The Santa Clause 3: The Escape Clause (2006) – Blu-ray Disc

*/**** Image A- Sound A Extras B-
starring Tim Allen, Martin Short, Elizabeth Mitchell, Judge Reinhold
screenplay by Ed Decter & John J. Strauss
directed by Michael Lembeck

by Bill Chambers Much like a TV show that's been on the air too long, the Santa Clause films have accrued an unwieldy supporting cast (including those old harbingers of cancellation: grandparents and babies) and begun hitting the reset button on characters thought to be at or near the end of their arcs.

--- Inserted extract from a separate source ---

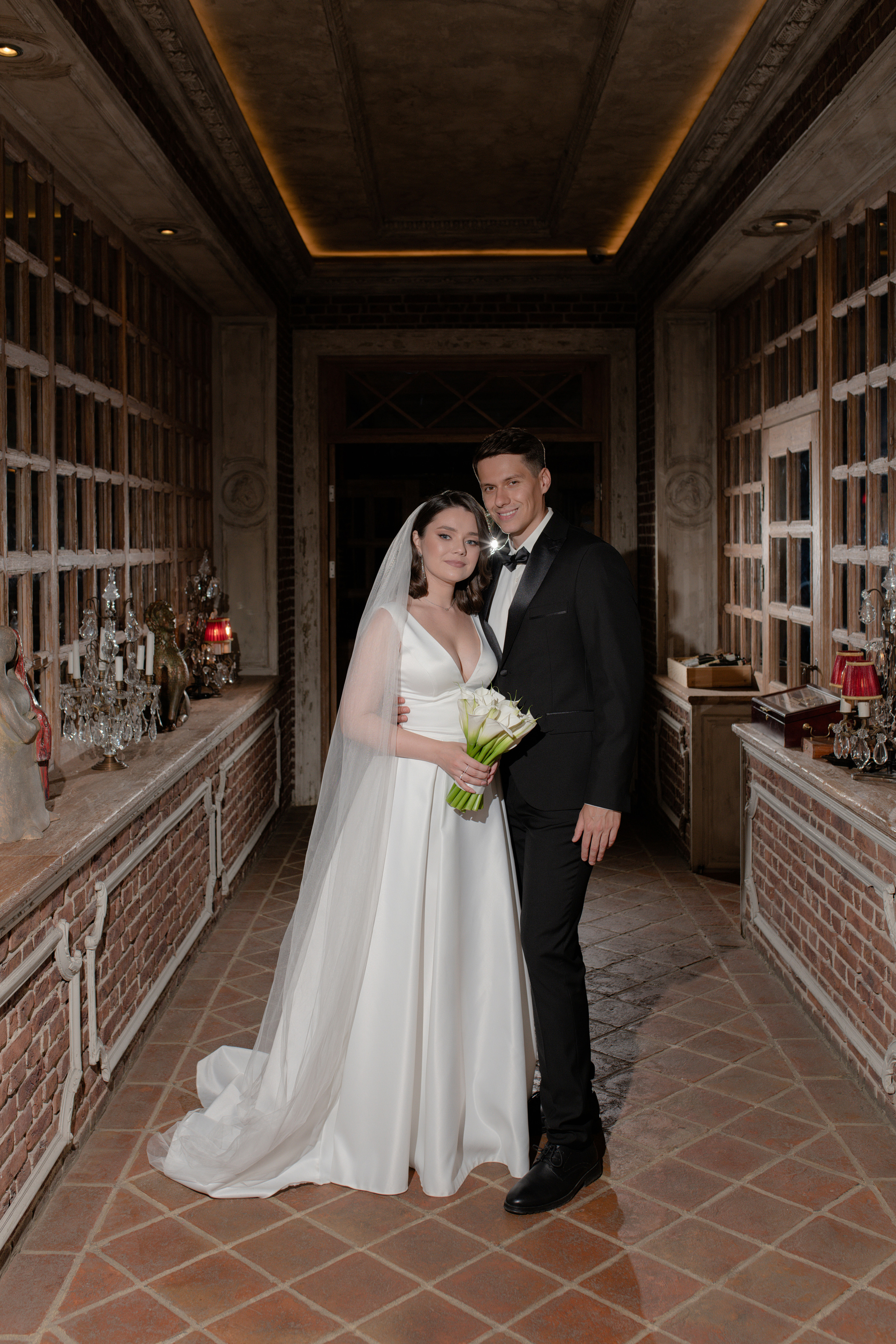 Вадим-Наташа — Фонд Культуры. Свадебный фотограф Екатеринбург/Челябинск — Любовь Волохова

Here, workaholic Scott Calvin (Tim Allen) is reminded via the frustrations of his second wife that he might not be husband material–which, all things considered, isn't a bad direction for the series to take, if only because we rarely see remarriage grappled with in any context on the silver screen. Still, as the house style has evolved such that it can no longer accommodate even the quasi-realist, Oh, God! Book II trappings of the original, we get that reductive trope about a family man who takes pride in his work being a man who's asking for karmic retribution. Never mind that he's fucking Santa Claus and the needs of the many would appear to outweigh the needs of the few in this case. I suppose it's progress or innovation that Mrs. Claus (Elizabeth Mitchell, whose role as one of the child catchers in Running Scared retroactively renders her a subversive presence in these films) is expecting and in her third trimester at that, thus upping the asshole quotient when Santa allows his attention to drift towards other impending deliveries for five-nanosecond stretches–but at the risk of applying logic where it isn't wanted, why would Santa impregnate his wife nine months before Christmastime? It's counterintuitive at best. And if it was an accident, surely there's an 'Abortion Clause' he could've invoked. Maybe they're saving that for a future instalment.

RUNNING TIME
92 minutes
MPAA
G
ASPECT RATIO(S)
1.85:1 (1080p/VC-1)
LANGUAGES
English 5.1 LPCM
English DD 5.1
French DD 5.1
Spanish DD 5.1
SUBTITLES
English SDH
French
Spanish
REGION
A
DISC TYPE
BD-50
STUDIO
Disney

So a beleaguered Santa falls victim to the low-rent scheming of nattily-dressed Jack Frost, played with an awesome and perhaps contagious malevolence by Martin Short: in launching an extended riff on Back to the Future Part II (minus the post-modern cleverness) by transporting Santa and Frost into a pivotal scene from The Santa Clause, the film is casually mindless of the fact that it's depicting the death of Santa Claus over and over again like some mad Zapruder loop.* (It's still not as ghoulish, mind you, as the Kuleshovian cutaways to the late Peter Boyle, who looks as though someone's propping him up, Weekend at Bernie's-style, in his role as Father Time.) The megalomaniacal Frost essentially wants to corporatize Christmas ("Frostmas") and exploit the North Pole's potential as a synergistic theme park, and so, as our own Ian Pugh astutely pointed out in his review of the execrable The Year Without a Santa Claus, you have the incongruous image of Coca-Cola mascot Santa Claus conspiring to reclaim Christmas from commercialism. The secularization of Christmas is apparently only selectively offensive–like when it interferes with Tim Allen's personal life, or the hetero orientation of the holiday. After all, the whole Frostmas scenario ultimately reveals itself as a pretext for Short to belt out a show tune in drag.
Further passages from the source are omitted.